Ed Martin Live from the Winter 2012 Television Critics Association Tour

I have to admit that when it comes to panels at the twice-yearly Television Critics Association tours I prefer separate sessions for individual programs. When a question-and-answer session about a particular show really gets rolling one can learn all sorts of interesting information about it while also getting a sense of the chemistry (or lack thereof) between its on-screen and behind-the-scenes talent.

But it is often the case that there simply isn't time in a network's allotted TCA space to present panels for all of the programs that it would like to promote. That is certainly true of The CW, which has only a couple of hours at the annual Winter TCA tours to strut its stuff.

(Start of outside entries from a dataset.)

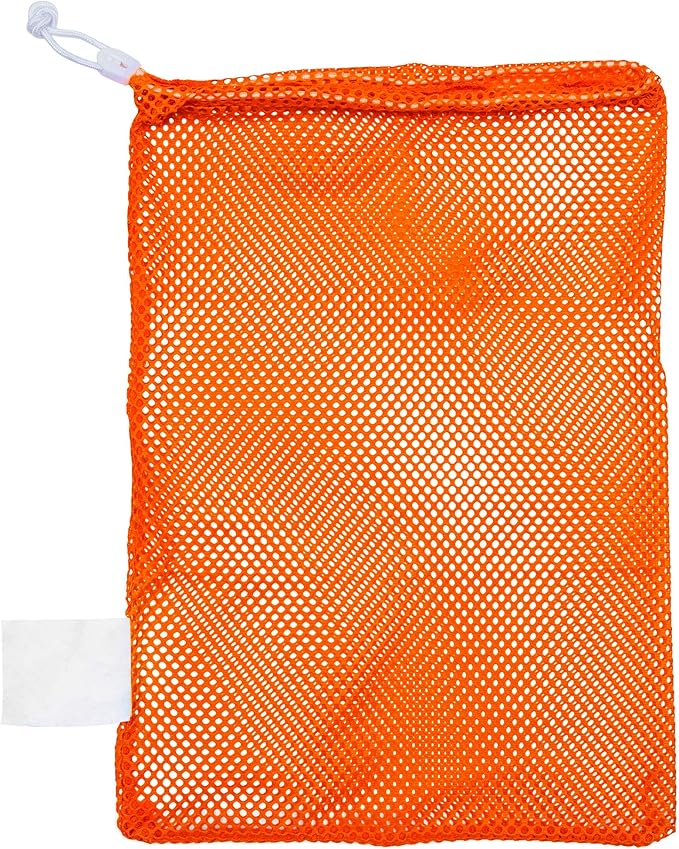 Champion Sports Mesh Equipment Bag – Heavy-Duty Nylon Drawstring Bag with Lock & ID Tag, Breathable Storage Sack for Balls, Swim Gear, Laundry & Toys, Multiple Sizes & Colors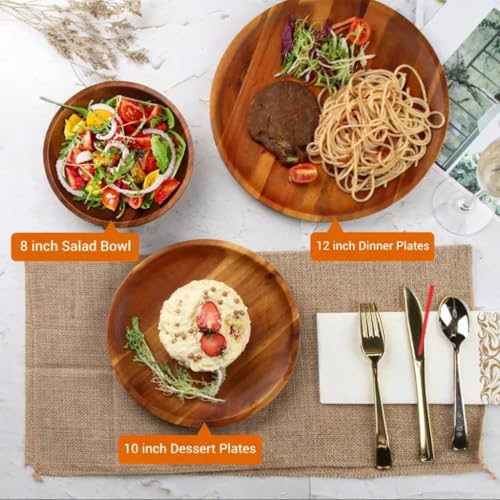 Woodiva Sheesham Wooden Round Serving Tray/Platter Handcrafted Wooden Snack Plates for Dry Fruits, Sweets, Home & Kitchen Décor (8 Inch – 1 Pc) - Image 4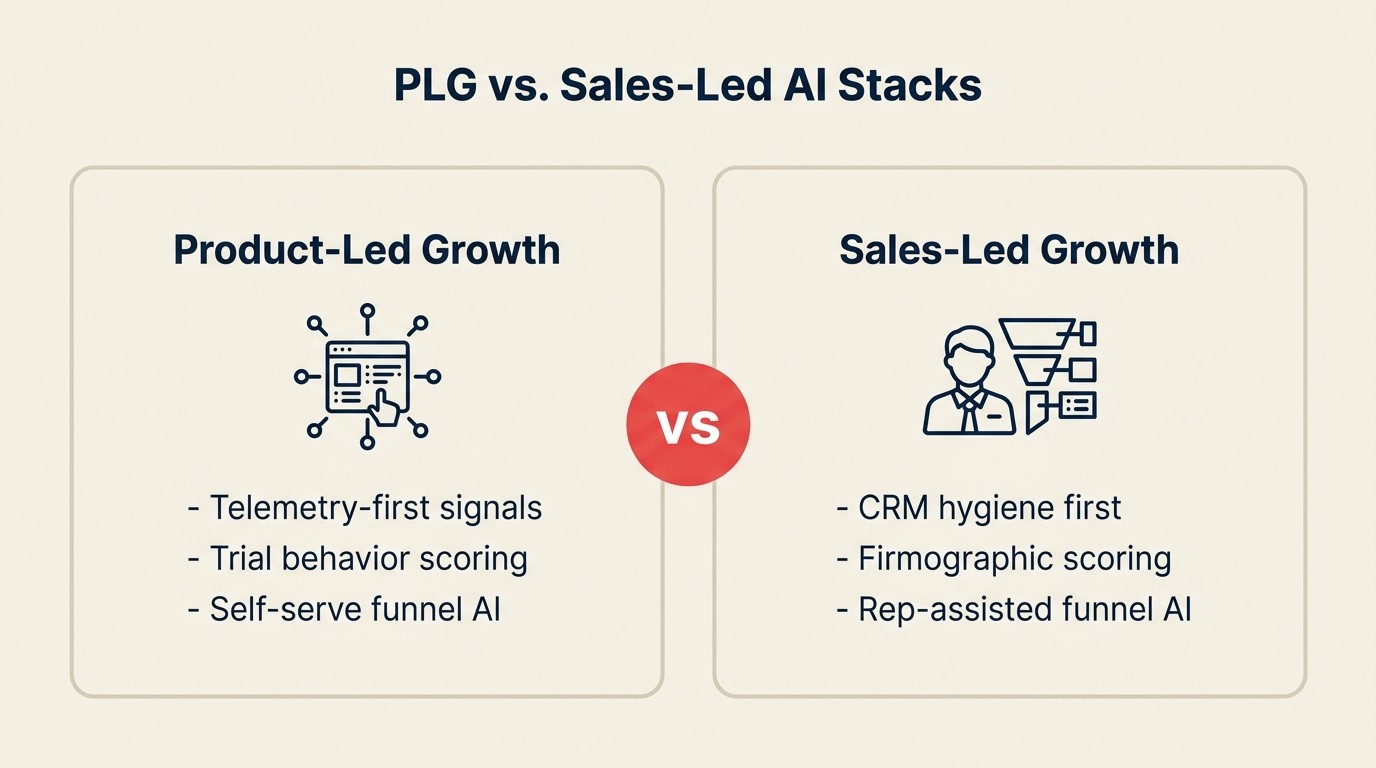 PLG vs. sales-led SaaS AI stacks: GTM motion determines which AI agents deliver ROI first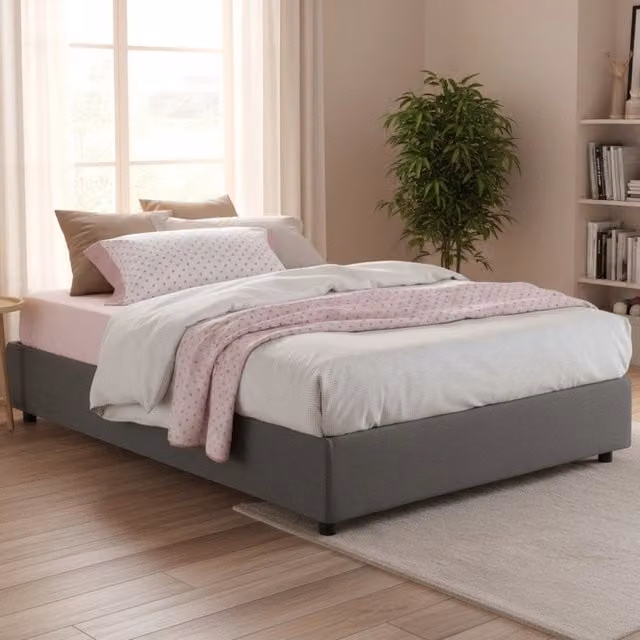 Letto Matrimoniale Alessander Talamo Italia con Materasso Incluso, Grigio, L/P: 160 x 200 cm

Despite the terrible time crunch, the smart people at The CW have figured out a way to get the most out of their meager time allotment: They present stars from a number of different series in a single themed panel. Last year The CW did this by bringing together several of its female stars in a session titled the Kick-Ass Women of The CW. Yesterday they flipped genders, offering a panel titled The Bad-Ass Boys of The CW.

The bad-asses included Jared Padalecki of Supernatural, Ed Westwick of Gossip Girl, Kristoffer Polaha of Ringer, Wilson Bethel of Hart of Dixie, Shane West of Nikita and Joseph Morgan of The Vampire Diaries. Had any teenage girls been in the room they would have been in hottie heaven, especially when these six guys played off of and teased each other. TCA members representing consumer publications and Web sites seemed to be thrilled by this grouping.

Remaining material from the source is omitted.